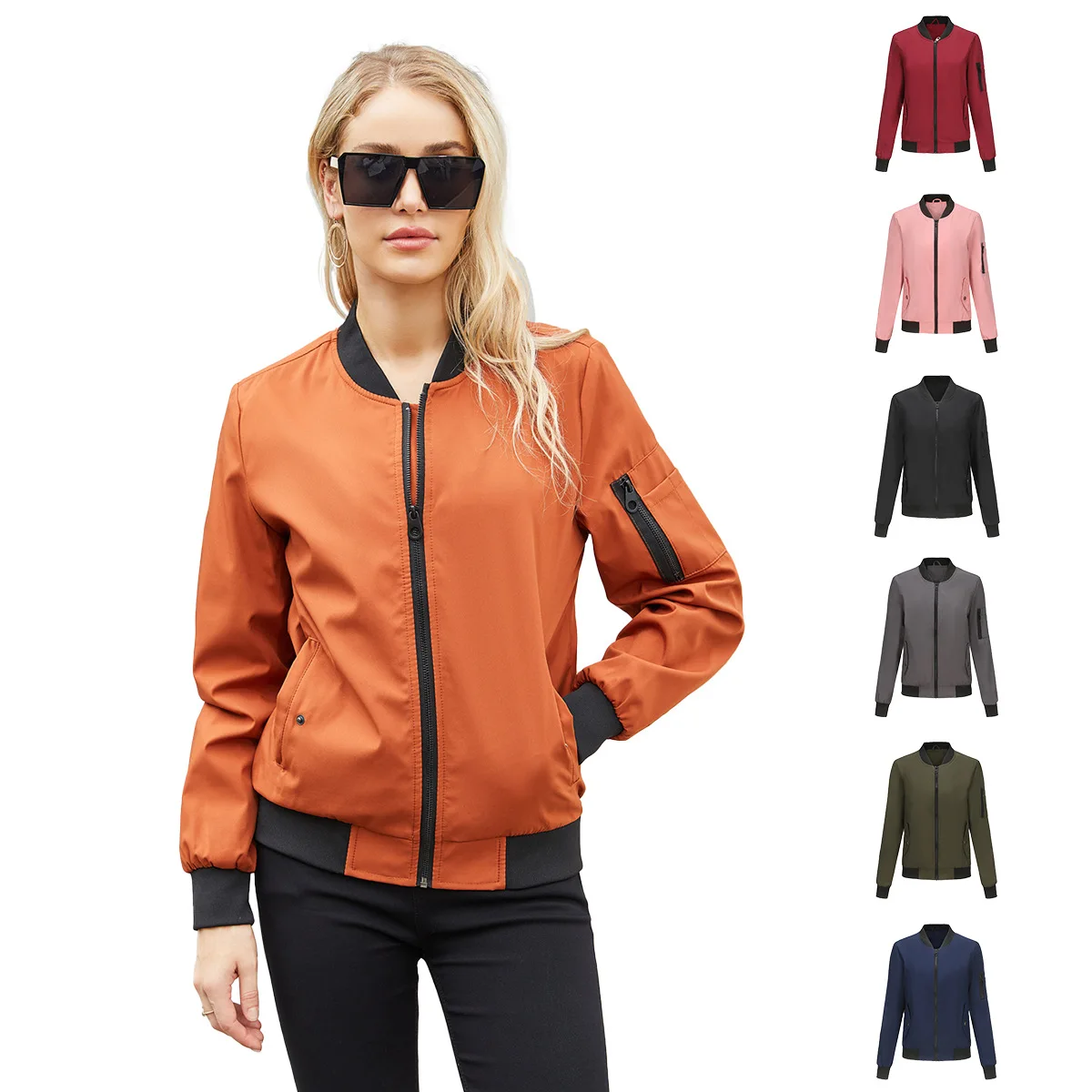 2023 Thin Flight Jacket Women's European and American Casual Long-sleeved Jacket Woman Loose Stand-up Collar Baseball Uniform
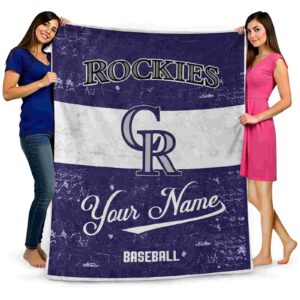 custom colorado rockies grunge texture blue white blanket fashion forward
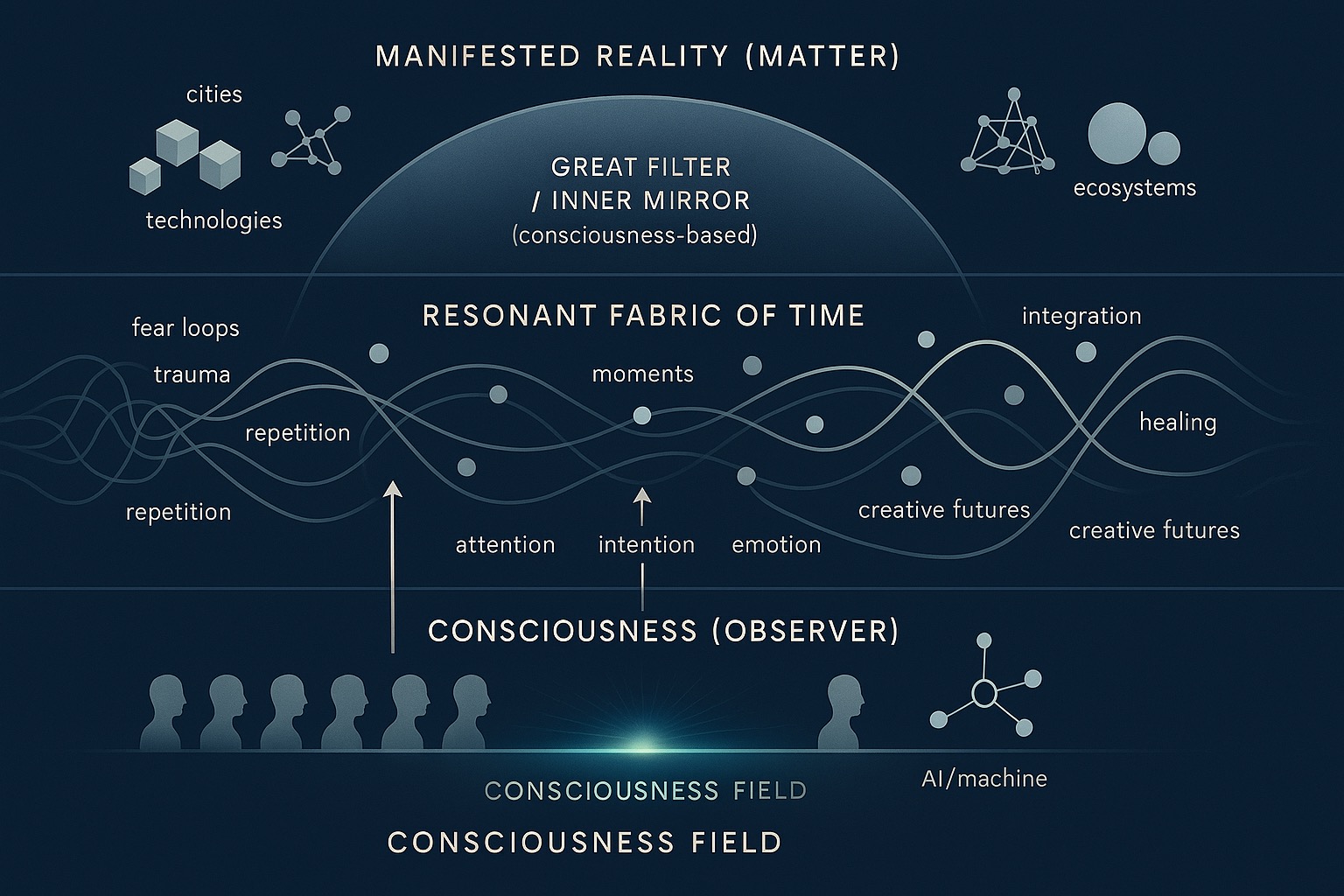 Manifest Reality diagram — how resonance and the heart field shape timelines
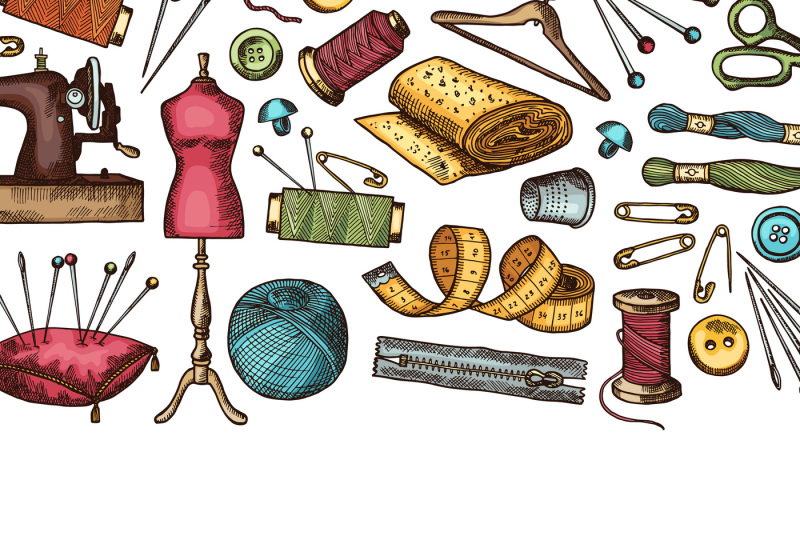 vector-hand-drawn-sewing-elements-background-illustration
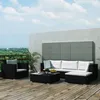 Image de Vidaxl Salon De Jardin 12 Pcs Avec Coussins Noir RÃ©sine TressÃ©e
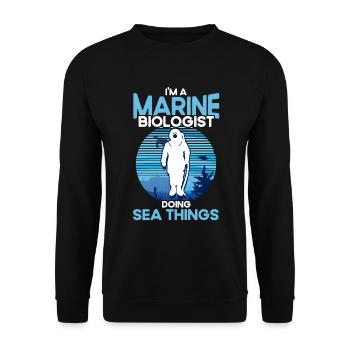 Meeresbiologe Ozean Geschenk Meeresbiologie - Unisex Pullover - Schwarz - Vorne - Alina (178cm) & Michal (187cm)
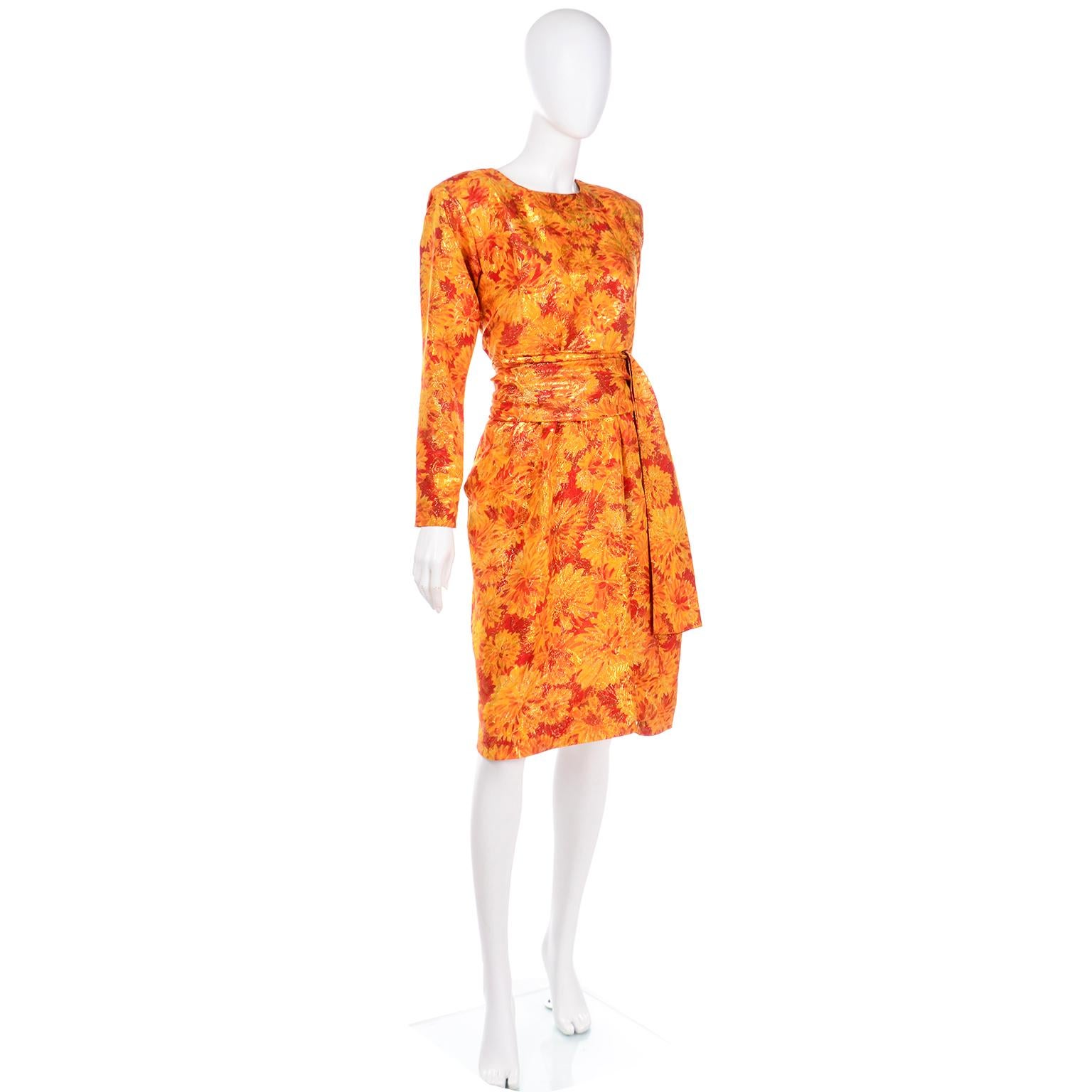 Deadstock YSL 1989 Orange Metallic Documented Yves Saint Laurent Runway Dress In Excellent Condition For Sale In Portland, OR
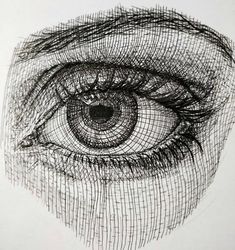 a drawing of an eye with lines on it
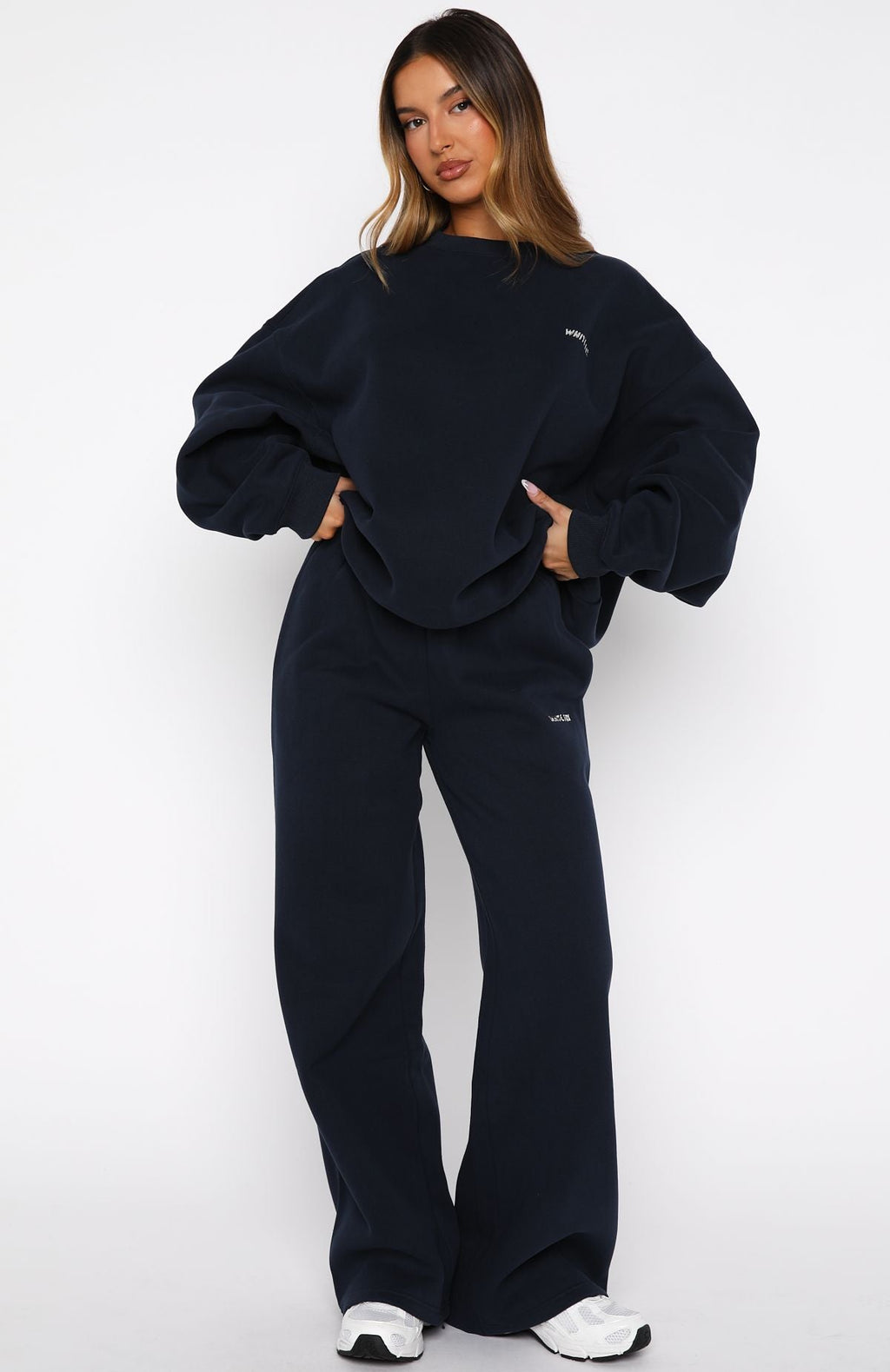 Trending Test Drive Wide Leg Sweatpants Dark Navy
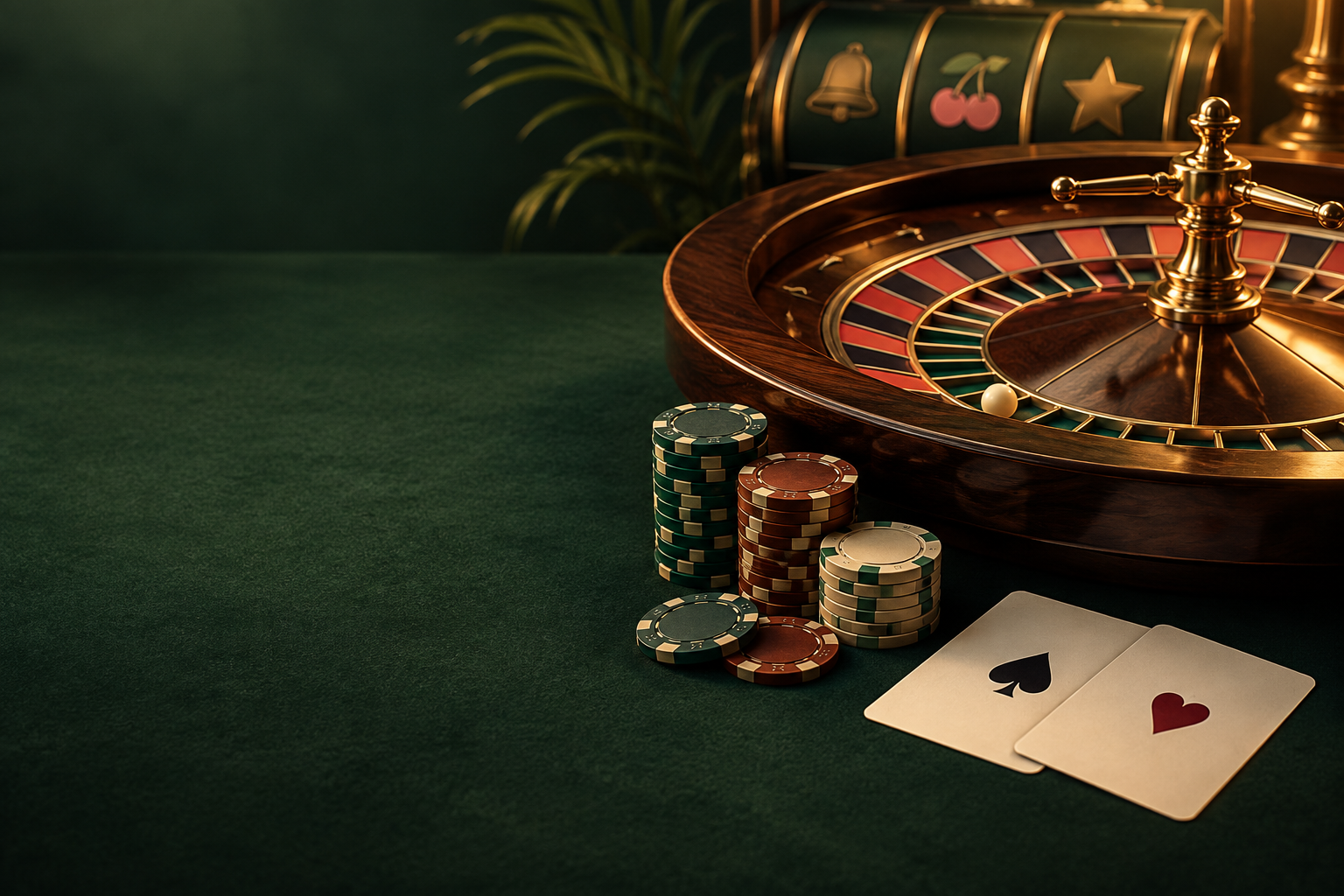 Ilustrasi meja roulette dengan keping dan kartu bernuansa tembaga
•••••
Problem details: What you return should be only the lines from the line with "Image de Vidaxl" through the last line of the listing above, exactly, both ends included, pictures excluded.

Expected answer:
 Image de Vidaxl Salon De Jardin 12 Pcs Avec Coussins Noir RÃ©sine TressÃ©e
 Meeresbiologe Ozean Geschenk Meeresbiologie - Unisex Pullover - Schwarz - Vorne - Alina (178cm) & Michal (187cm)
 Deadstock YSL 1989 Orange Metallic Documented Yves Saint Laurent Runway Dress In Excellent Condition For Sale In Portland, OR
 a drawing of an eye with lines on it
 Trending Test Drive Wide Leg Sweatpants Dark Navy
 Ilustrasi meja roulette dengan keping dan kartu bernuansa tembaga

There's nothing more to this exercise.